Bill Frist's family company (HCA) defrauding the government of millions in medicare payments?
that the Ford family is corrupt, they can't even approach the corruption of the pack of jackals occupying the White House right now.
Whats your obsession with Senator Byrd? I know he isnt the best human being in the Senate but are you are starting to sound like the "What Foley did was bad but what about Barney Frank and Gary Studds crowd".
You cant defend the Republicans so you attack.
I don't have a problem with candidates talking about religion or being in church for commercials.
I have a problem when they get elected and insert religon into their politics and political agenda.
Go to church, sing in the choir for all I care, but don't try to sell me on legislation from the pulpit.
I think that is exactly the line I draw.
The "Proverbial Frat Boy” has an opinion about religion in politics? The hypocrite for his generation with a bow tie should flog Republican Values and defend Pat Robertson’s comments like we should assassinate Hugo Chavez, and the like should now voice how they own the religious angle and don’t tread on our turf.

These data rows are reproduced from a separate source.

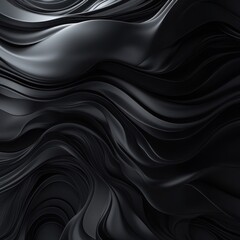 Obraz premium Dark abstract swirling waves, smooth texture, elegant background, design use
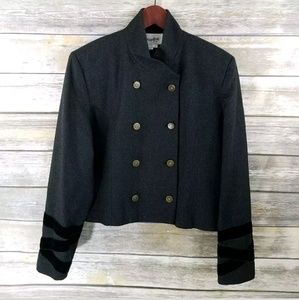Vtg Knights Ltd 16 Blazer Gray Military Style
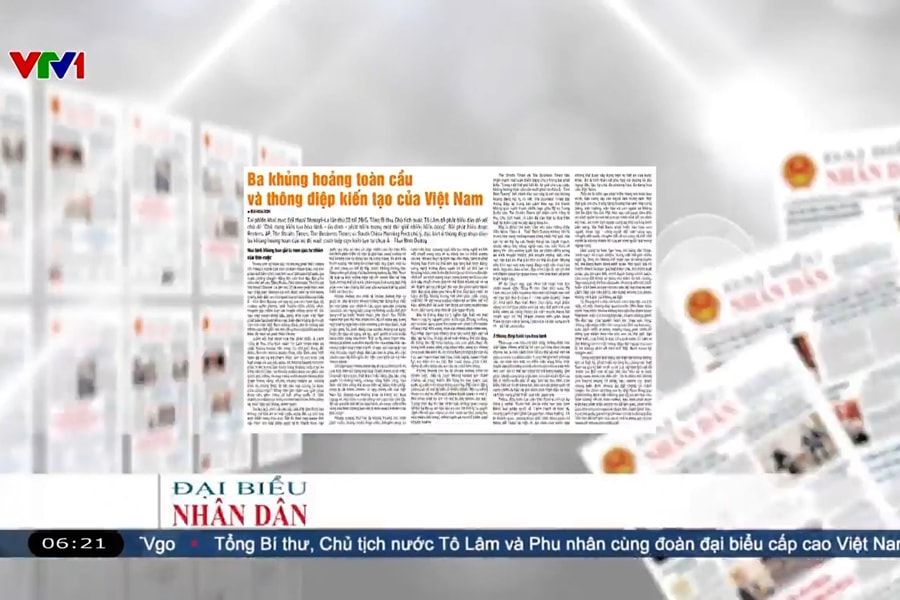 Điểm báo VTV1: Ba khủng hoảng toàn cầu và thông điệp kiến tạo của Việt Nam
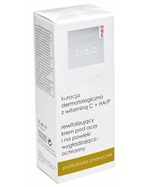 Ziaja med kuracja dermatologiczna z wit.C + HA/P rewitalizujący krem pod oczy i na powieki wygładzająco-ochronny 15 ml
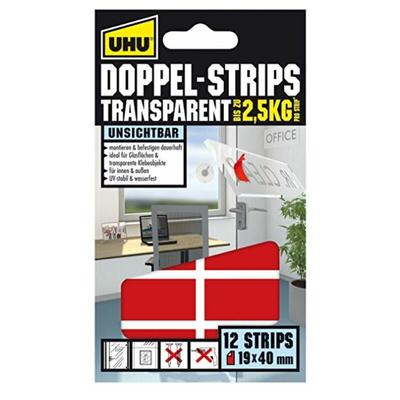 Doppel Strips Transparent (12 Stk) - UHU Image
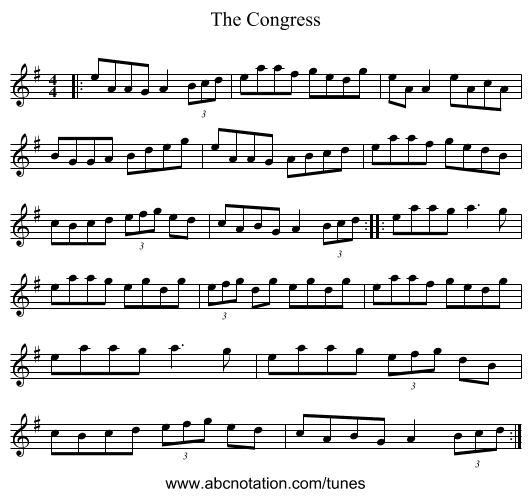 The Congress - staff notation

I would not to presume to speak for the Christian Democrats of America, but they are in the majority, and I dare say they don’t think sending America to War for votes makes for a Christian Value.
I’m agnostic, thus confused about the supernatural, or arguments that are meant to paint people into a corner, and do nothing to address the problems of the day.
Happy Thoughts;
Dan Grady
always has an opinion about everything and a clue about nothing.
THANK YOU. njguy93@yahoo.com
Well said. Tucker Carlson is fast becoming the most annoying man on television.
I saw this exchange. Kamber made Tucky look dumber than usual. Tucky tried his laugh as loudly as you can routine in hopes of drowning out the reasonable Kamber. He tried his chuckle and nod and treat your guest as if you're humoring your trainable but not educable uncle. That failed. When all was said and done, Tucker had no choice but to agree with Kamber. I email MSNBC daily and suggest that they not renew this feather weight pundit. He is beyond silly. He is nothing more than an overgrown prep school boy of privilege. Send him packing.
Guys,
Carlson said that if a Republican had shown up in a church doing a political ad, he would have said something like, "Hey, get out of there. That's a church." He also calls Friedman's ad "weird."
I think he was a bit less inconsistent than your blurb would make him appear.